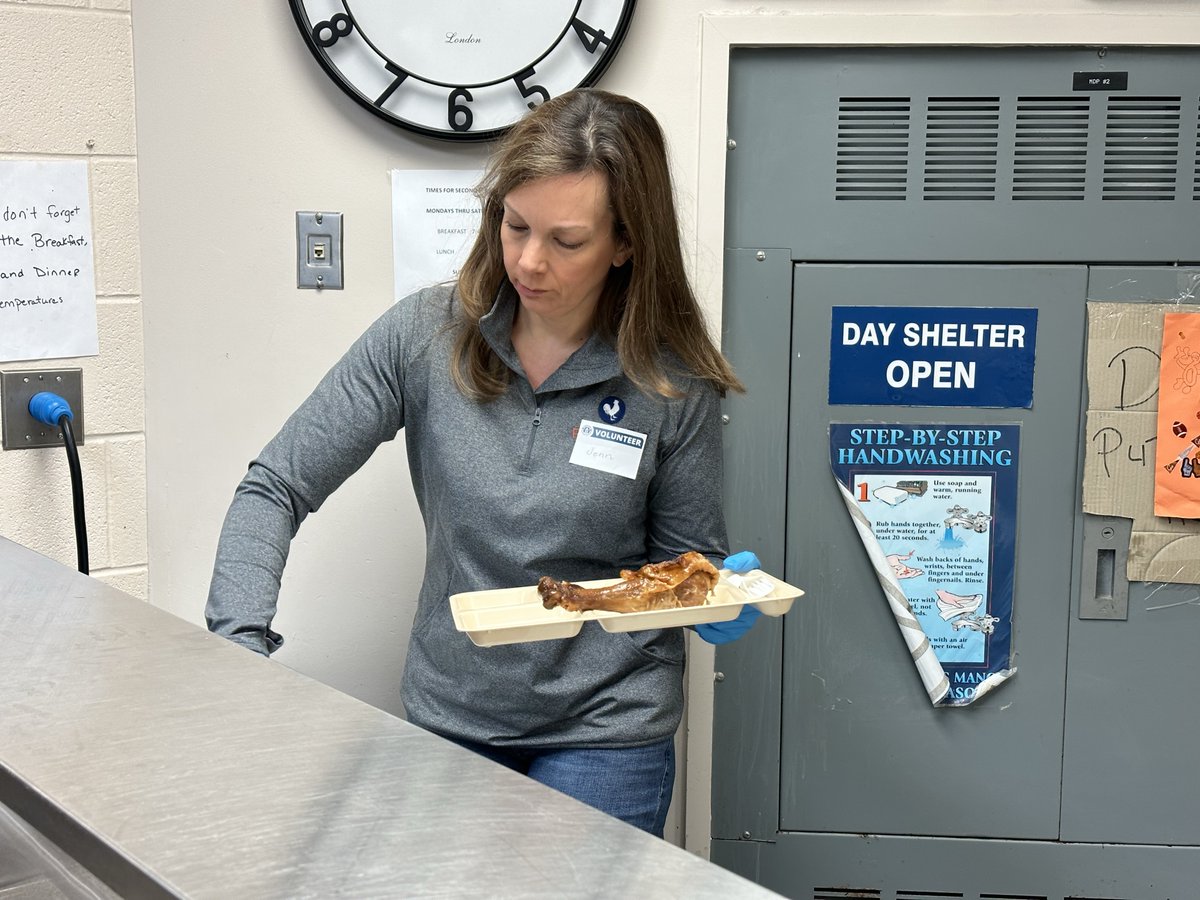 FRM_mission's tweet photo. Employees of @RoosterBio gave their time and effort to serve lunch. They did a great job, and we are grateful for their help!
#givingback #giveback #volunteerism #volunteers #community #frederickmd #frederickmaryland #frederickcounty #frederickcommunity https://t.co/Gajnm9GX9U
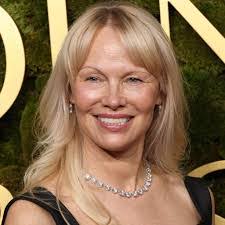 Christine Paddock's Instagram, Twitter & Facebook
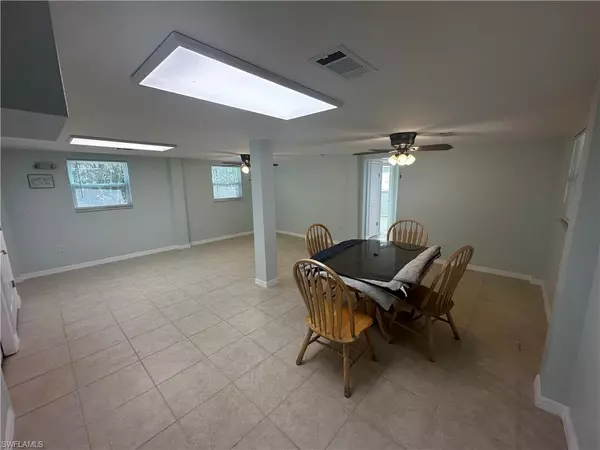 Fort Myers Beach, FL 33931,5394 Palmetto ST #5396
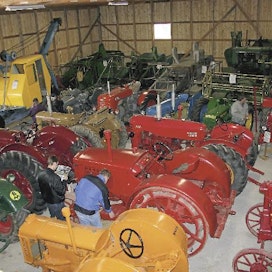 Mäkilän traktorimuseon sata traktoria on sijoitettu kahteen eri halliin. Suurin osa traktoreista on 50-luvulta ja jotakuinkin kaikki koneet ovat toimintakuntoisia. Kuva on pienemmästä hallista, jonka takaseinustalla hyvä valikoima 50-luvun leikkuupuimureita. Äärimmäisenä oikealla aikanaan suurpuimureiksi luokitellut John Deere-Lanz MD 250S ja Massey-Harris 780, kummankin työleveys on 8,5 jalkaa, eli 255 cm.
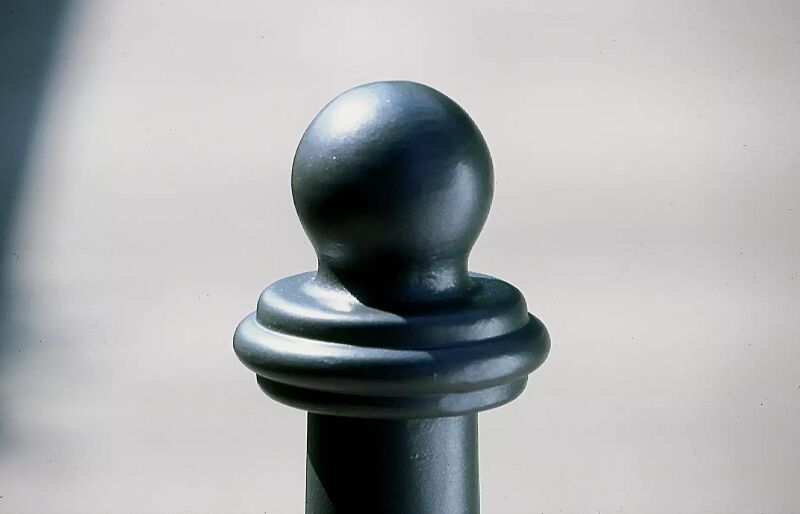 poller-faro__shoKAT0006613 Detail: Kugel als oberer Abschluss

§

**Action item:**
Only the lines from the one containing "#givingback #giveback #volunteerism" through the end of the listing above should be reproduced, exactly as they stand. Leave the pictures out.

**Result of this exercise:**
#givingback #giveback #volunteerism #volunteers #community #frederickmd #frederickmaryland #frederickcounty #frederickcommunity https://t.co/Gajnm9GX9U
 Christine Paddock's Instagram, Twitter & Facebook
 Fort Myers Beach, FL 33931,5394 Palmetto ST #5396
 Mäkilän traktorimuseon sata traktoria on sijoitettu kahteen eri halliin. Suurin osa traktoreista on 50-luvulta ja jotakuinkin kaikki koneet ovat toimintakuntoisia. Kuva on pienemmästä hallista, jonka takaseinustalla hyvä valikoima 50-luvun leikkuupuimureita. Äärimmäisenä oikealla aikanaan suurpuimureiksi luokitellut John Deere-Lanz MD 250S ja Massey-Harris 780, kummankin työleveys on 8,5 jalkaa, eli 255 cm.
 poller-faro__shoKAT0006613 Detail: Kugel als oberer Abschluss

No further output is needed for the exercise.